| Assignment |
Beginning with the line that contains "Bản Tình Ca Rạng Đông Chap 9 - trang 33", restate each line below through the final one exactly, and exclude the pictures.
===============
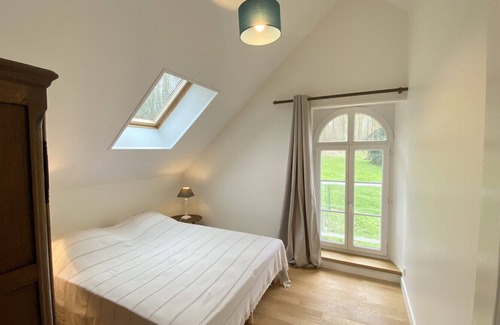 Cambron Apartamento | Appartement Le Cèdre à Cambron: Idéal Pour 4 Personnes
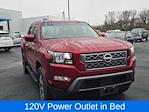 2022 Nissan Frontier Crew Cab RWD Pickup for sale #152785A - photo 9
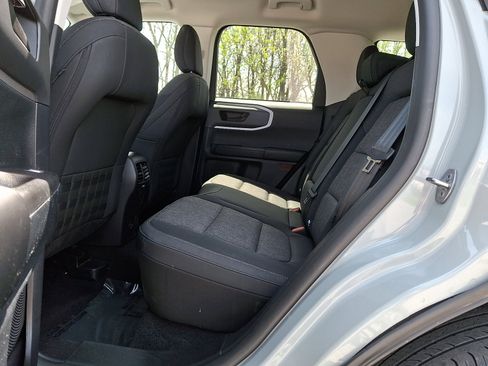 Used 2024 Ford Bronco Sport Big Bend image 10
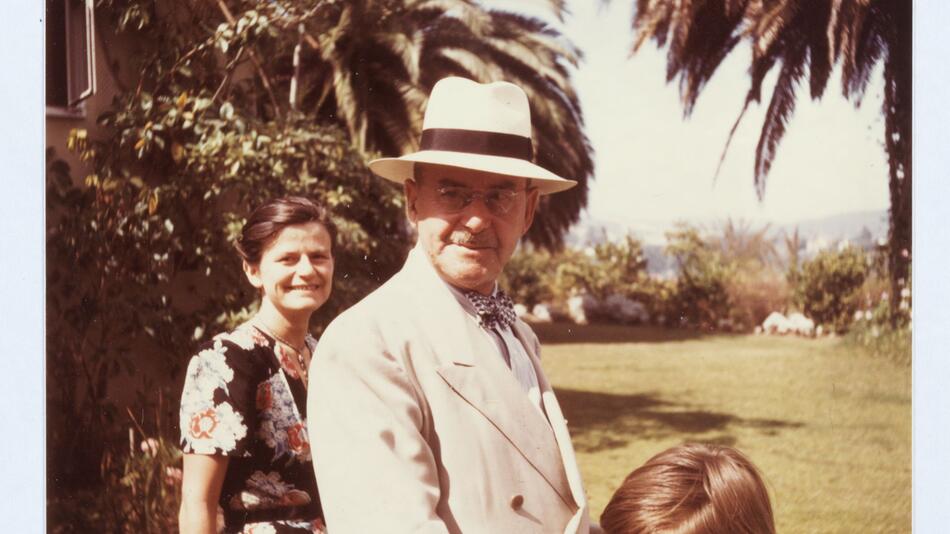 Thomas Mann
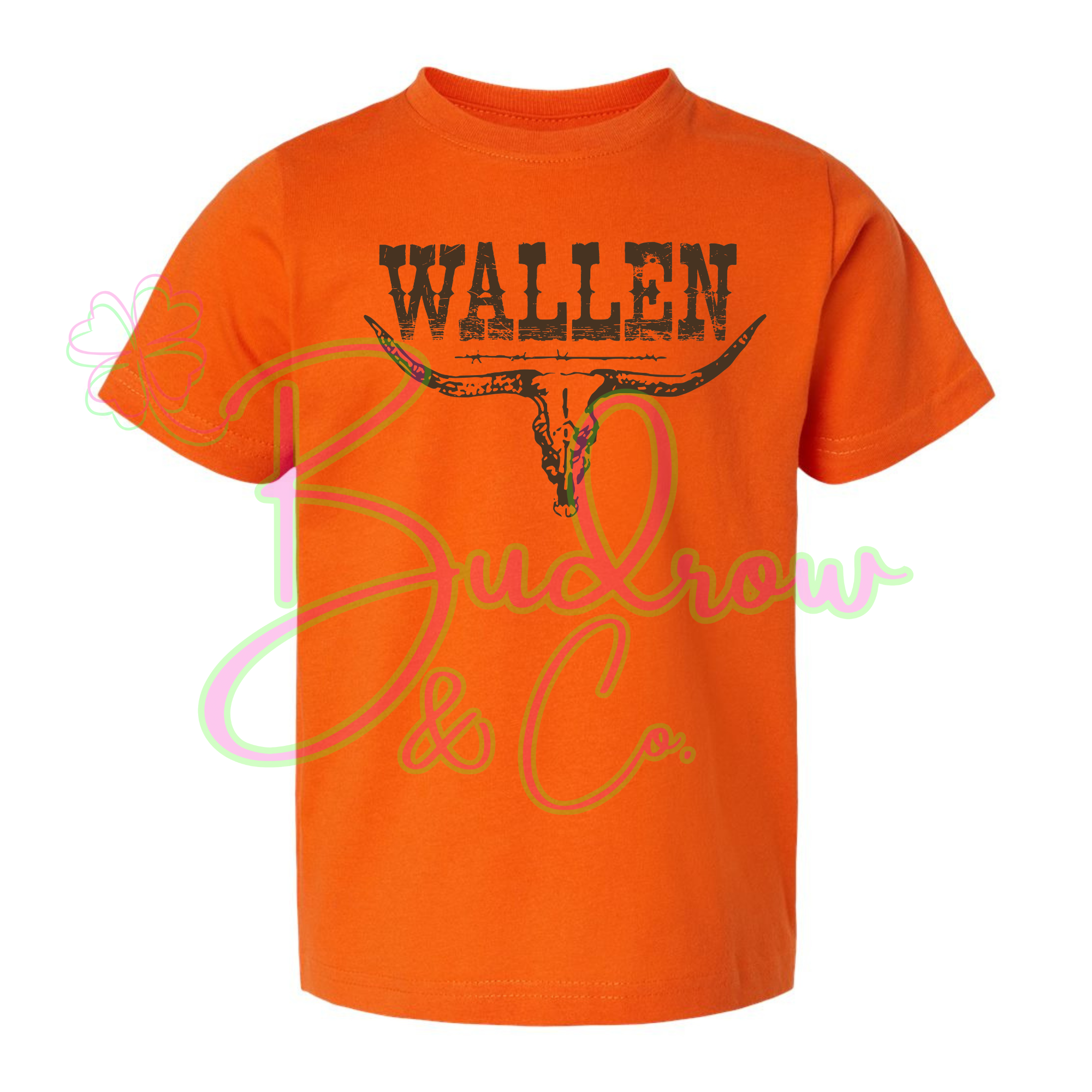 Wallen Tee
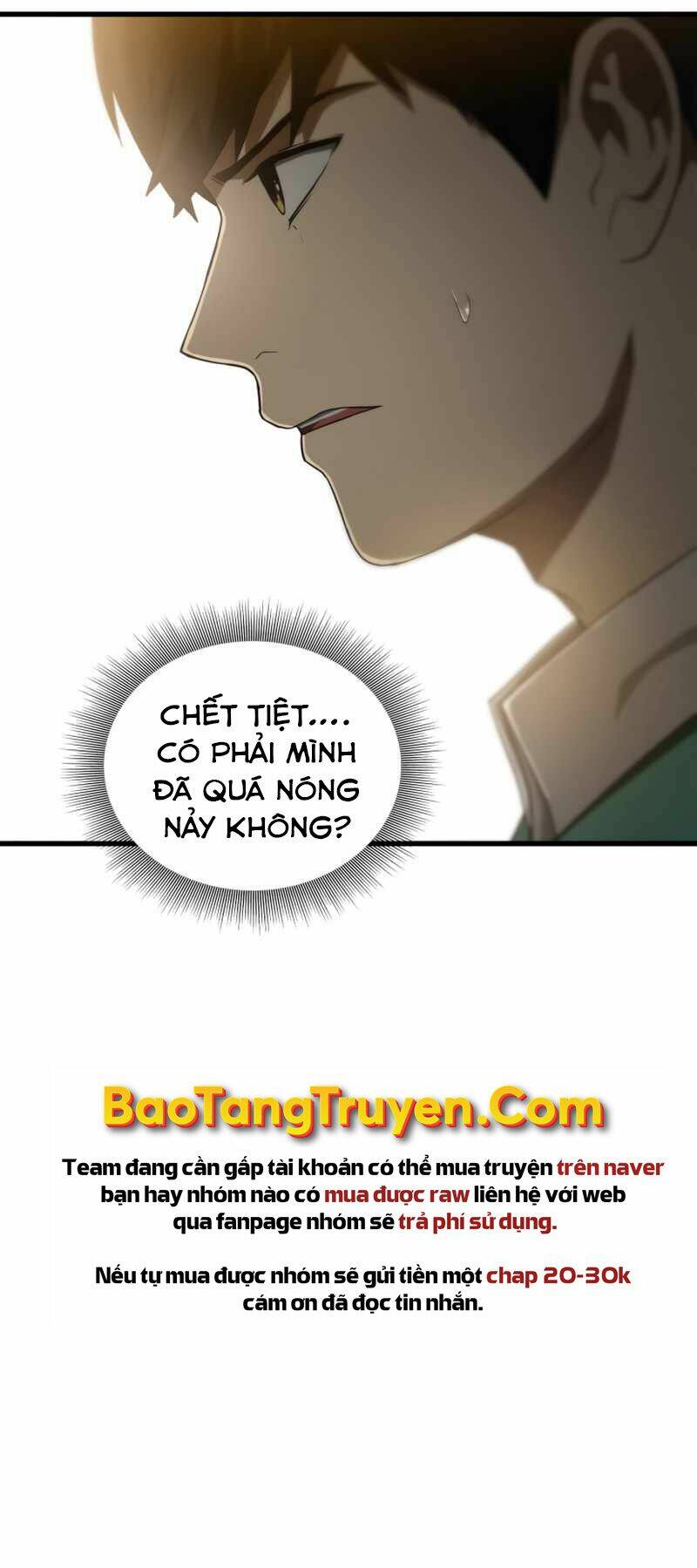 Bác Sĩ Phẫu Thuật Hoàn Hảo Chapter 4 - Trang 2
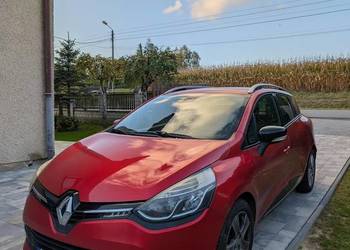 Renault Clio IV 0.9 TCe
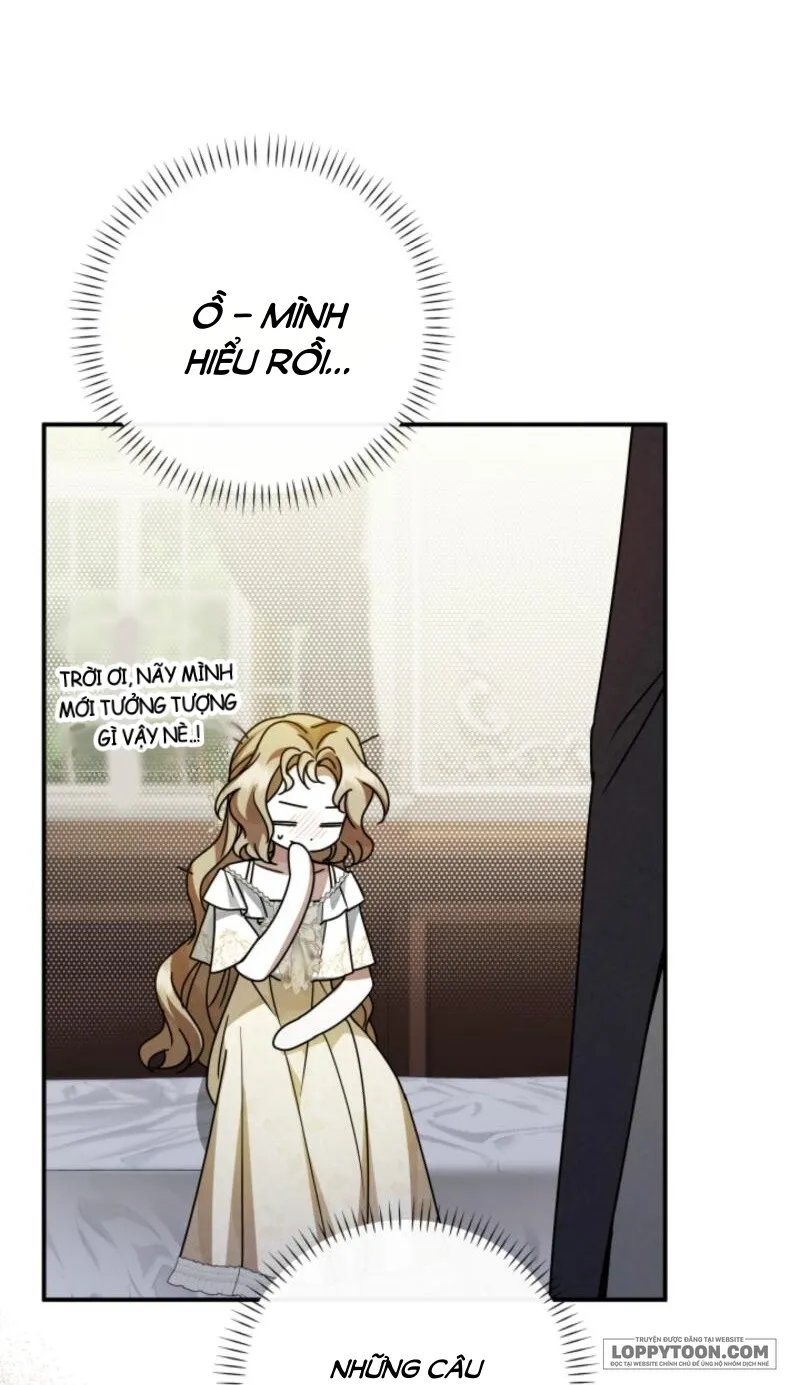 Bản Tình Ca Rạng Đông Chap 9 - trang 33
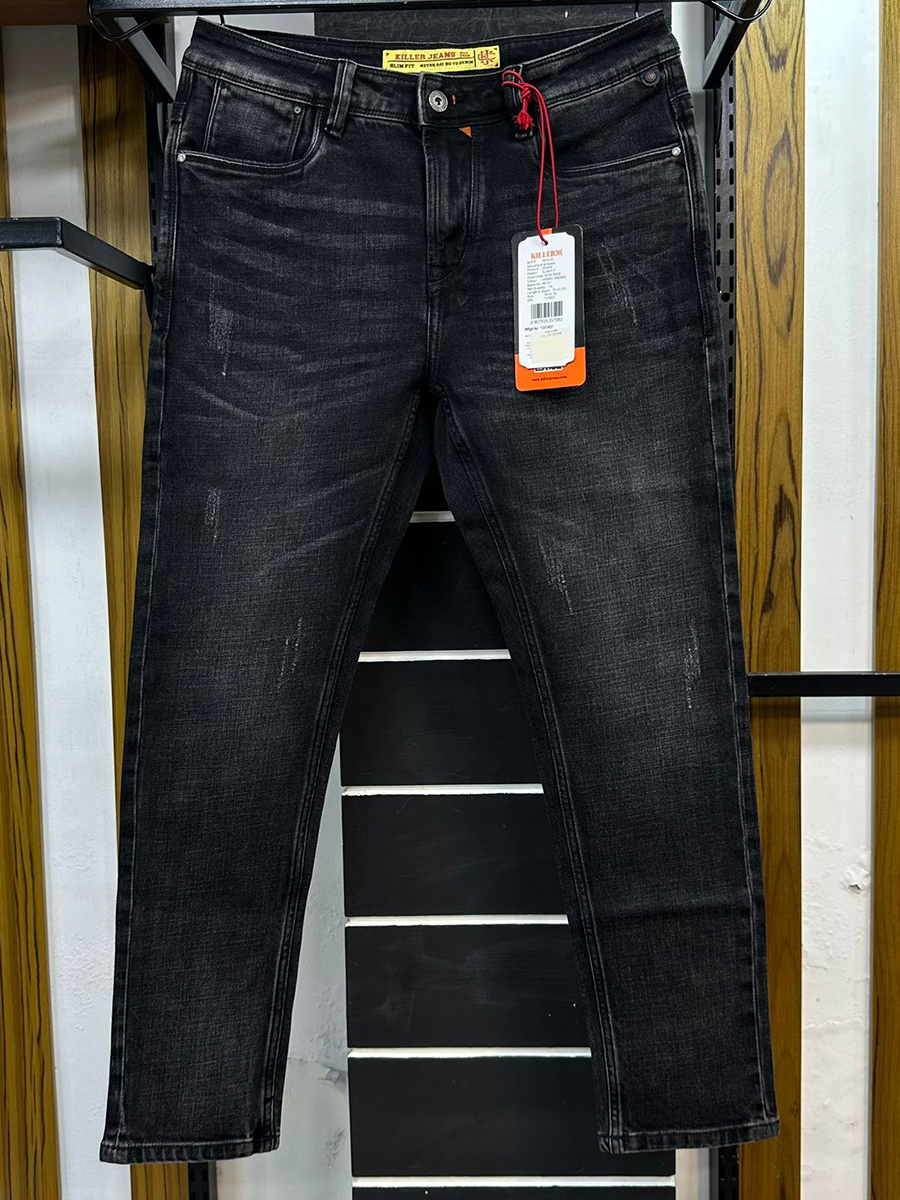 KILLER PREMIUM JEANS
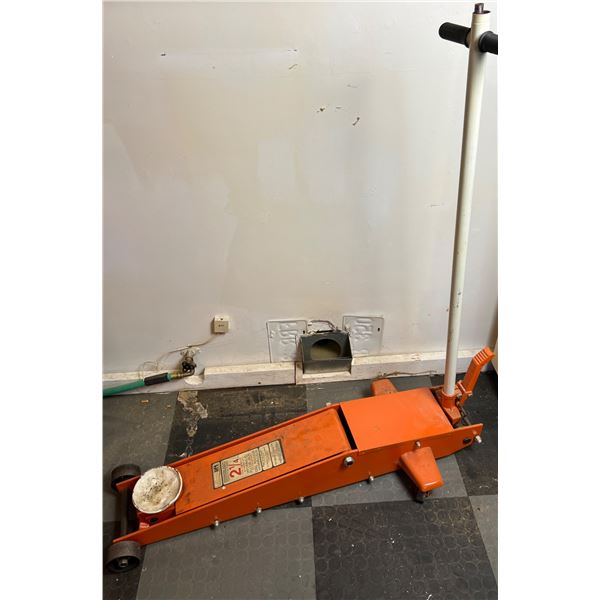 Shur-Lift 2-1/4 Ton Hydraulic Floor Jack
===============
| Solution for this task |
 Bản Tình Ca Rạng Đông Chap 9 - trang 33
 KILLER PREMIUM JEANS
 Shur-Lift 2-1/4 Ton Hydraulic Floor Jack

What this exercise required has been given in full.